The field was plowed (20–25 cm) after the harvest of spring barley in August 2019 and harrowed (5 cm) before sowing the experiment. Winter OSR seeds were treated with the fungicides thiram and dimethomorph; all legume seeds were untreated. Winter OSR was sown with a 50 cm row distance on August 29, 2019 in all OSR treatments (cv. Mentor, 2.8 kg/ha, corresponding to approximately 50 seeds/m2). Berseem clover (cv. Tigri, 20 kg/ha, 600 seeds/m2) was sown with a broadcast seeder (broadcast due to the small seeds and high target plant density to achieve satisfactory ground cover) just before sowing the winter OSR, on the same day August 29 (OSR + Clover). Spring faba bean (cv. Boxer, 110 kg/ha, 20 seeds/m2) was sown with a 50 cm row distance in between OSR rows on September 9 (OSR + Sfaba) directly after inter row hoeing against weeds.
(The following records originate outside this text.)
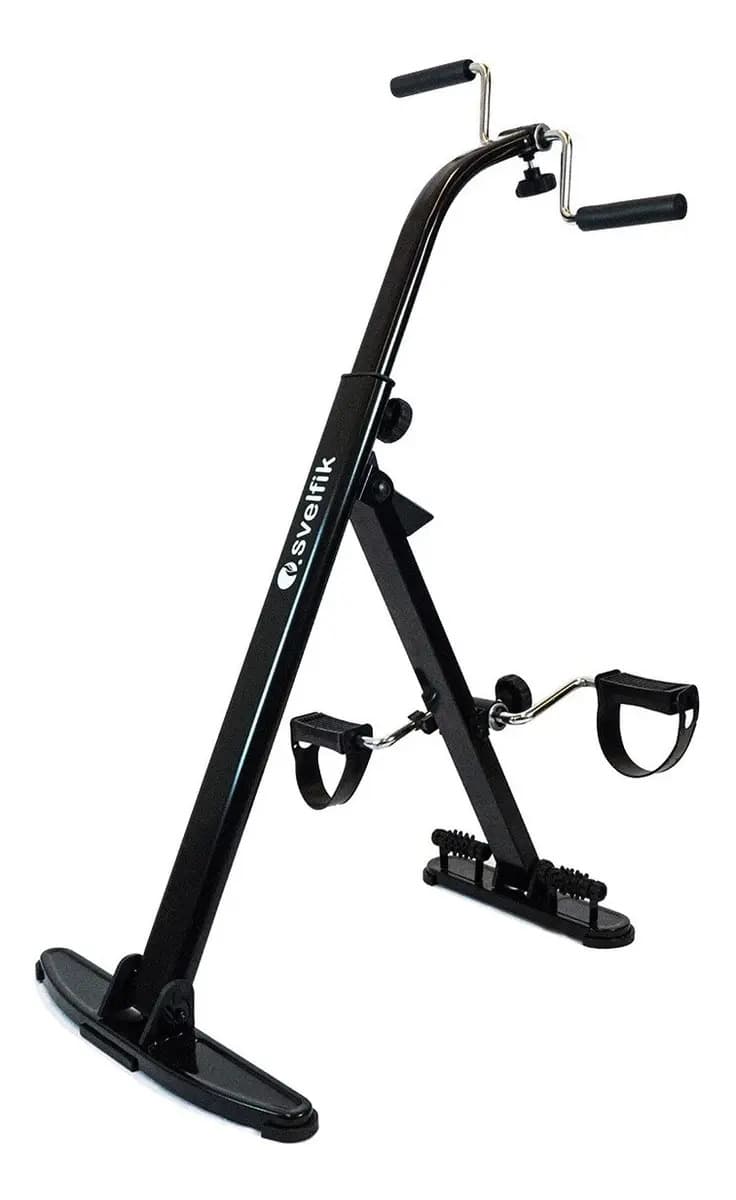Bicicleta Fija Svelfik Spin Fit Ejercicio y Rehabilitación Resistencia Magnética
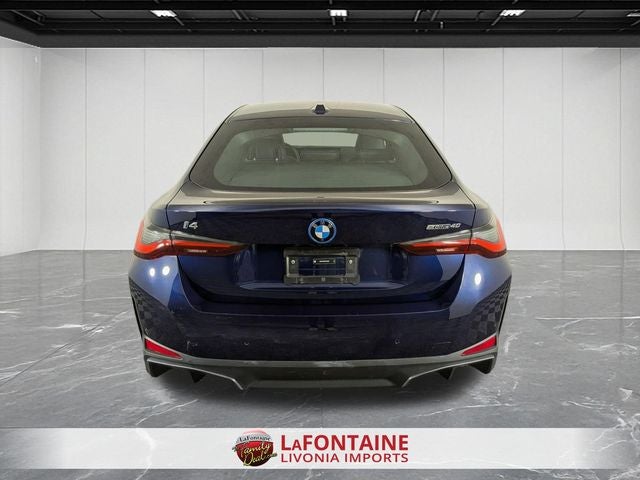2023 BMW i4 eDrive40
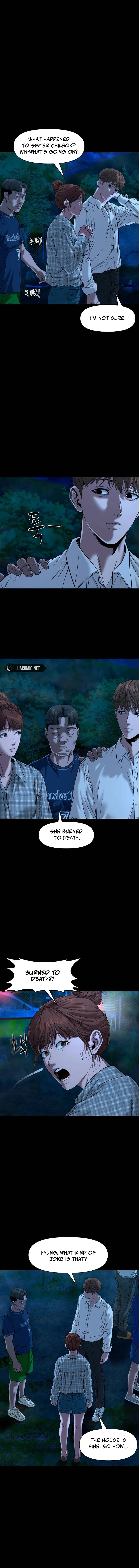 Mysterious Village chapter 45 page 2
This weed control was performed in all OSR plots except in OSR + Clover. Winter faba bean (cv. Hiverna, 130 kg/ha, 25 seeds/m2) and winter peas (cv. EFB33, 120 kg/ha, 100 seeds/m2) were sown with a 50 cm row distance, in between OSR rows on October 7 (OSR + Wfaba, OSR + Wpeas), after a second hoeing treatment between the OSR rows in these plots and in the OSR sole crop plots. Sole crops of winter faba bean (Wfaba) and winter peas (Wpeas) were sown after harrowing the plots on October 7 at 200 kg seeds/ha (about 40 seeds/m2 for Wfaba and 165 seeds/m2 for Wpeas) with a row distance of 12 cm. Inter row hoeing was also performed on March 20 in the OSR sole crop and OSR + Clover and OSR + Sfaba treatments. Berseem clover and spring faba bean plants are frost sensitive and were grown as autumn service-crops, but due to a mild winter hoeing was performed in lieu of frost killing.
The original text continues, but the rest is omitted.